- **WORK INSTRUCTIONS**:
Output, word for word, each line from the one with "Carmen de Alonso" through the end of the listing below, excluding every picture.

* * * *

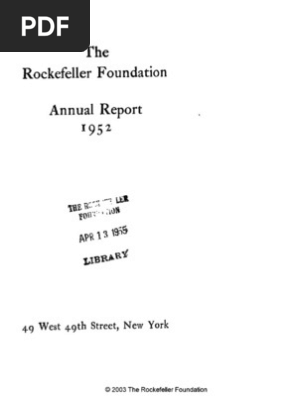 Rockefeller Foundation Rapport Medical School Rockefeller Foundation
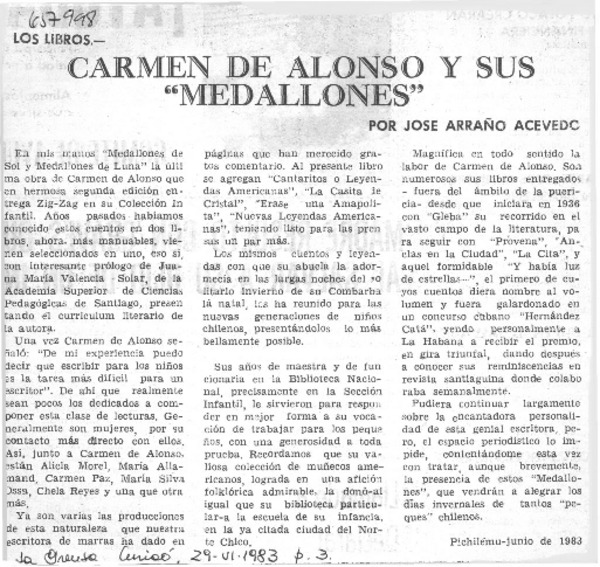 Carmen de Alonso y sus "Medallones"  [artículo] José Arraño Acevedo.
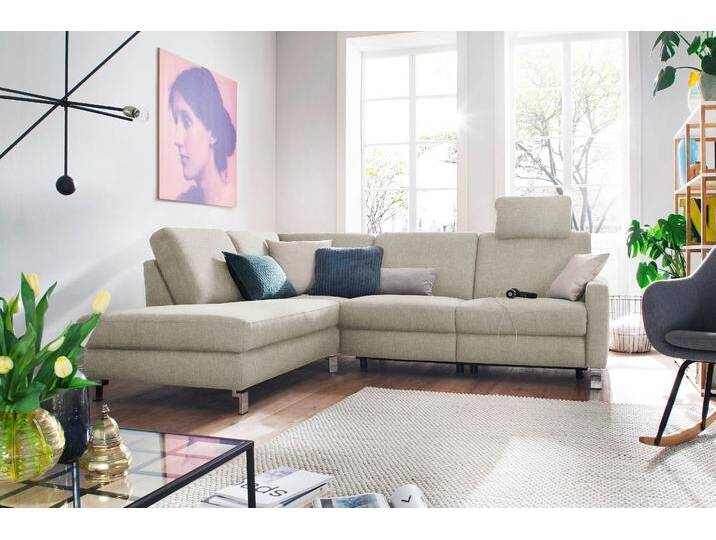 Ecksofa 3C CANDY Mainau modern und elegant, mit gutem Sitzkomfort, L-Form , grau (platin), B:257cm H:89cm T:220cm, Struktur ( 100% Polyester), Luxus-Microfaser weich: 98% Polyester, 2% Nylon, , Struktur weich (mit Wasser zu reinigen): 16% Baumwolle, 79% Polyester, 5% Polyacryl, Sofas, wahlweise mit elektrischer Relaxfunktion, Federkern von Candy-Polstermöbel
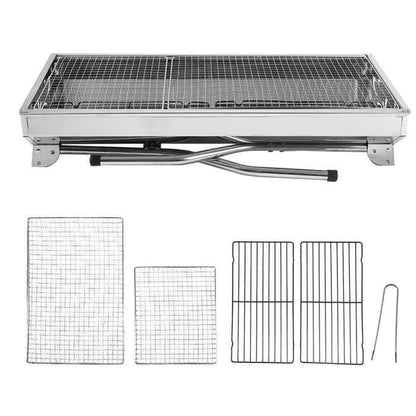 🔥 50% RABATT ! Klappbarer Outdoor-Grill aus Edelstahl – Perfekt für Camping, Garten & BBQ-Partys 🍖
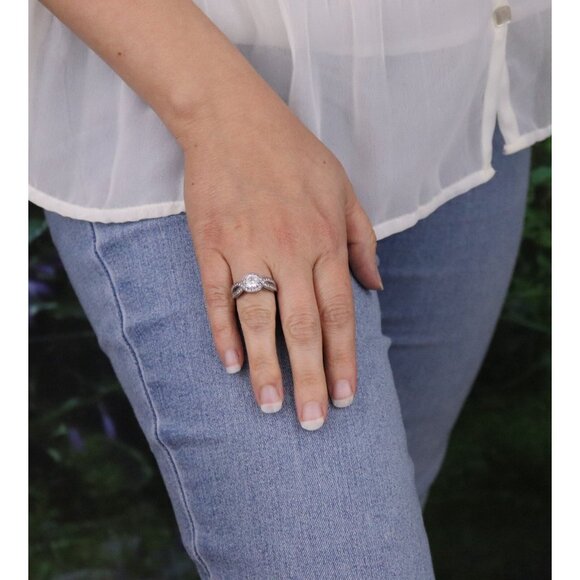 Sterling Silver Cubic Zirconia Crossover Band Ring Size 6 1/2 - Picture 4 of 7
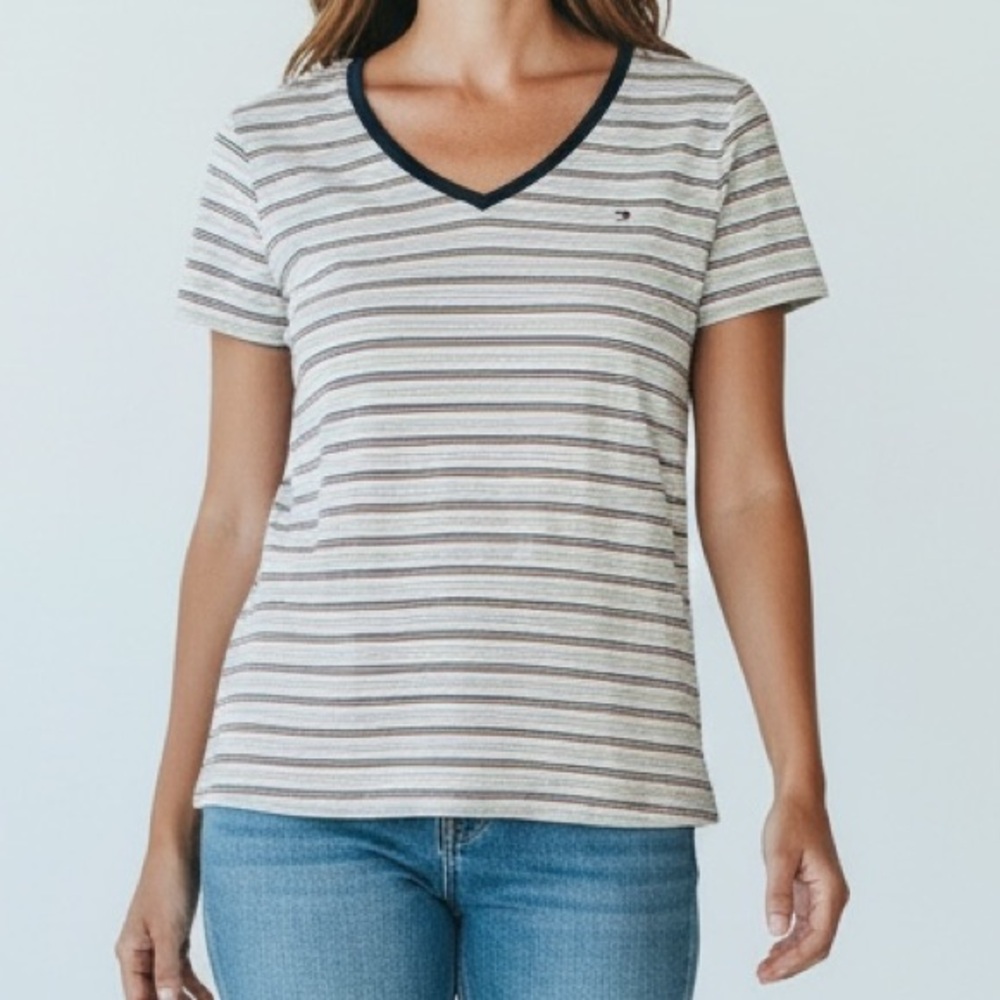 Tommy Hilfiger Women's Short Sleeve Striped Tee - Blue, Red, White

* * * *

- **EXERCISE OUTPUT**:
 Carmen de Alonso y sus "Medallones"  [artículo] José Arraño Acevedo.
 Ecksofa 3C CANDY Mainau modern und elegant, mit gutem Sitzkomfort, L-Form , grau (platin), B:257cm H:89cm T:220cm, Struktur ( 100% Polyester), Luxus-Microfaser weich: 98% Polyester, 2% Nylon, , Struktur weich (mit Wasser zu reinigen): 16% Baumwolle, 79% Polyester, 5% Polyacryl, Sofas, wahlweise mit elektrischer Relaxfunktion, Federkern von Candy-Polstermöbel
 🔥 50% RABATT ! Klappbarer Outdoor-Grill aus Edelstahl – Perfekt für Camping, Garten & BBQ-Partys 🍖
 Sterling Silver Cubic Zirconia Crossover Band Ring Size 6 1/2 - Picture 4 of 7
 Tommy Hilfiger Women's Short Sleeve Striped Tee - Blue, Red, White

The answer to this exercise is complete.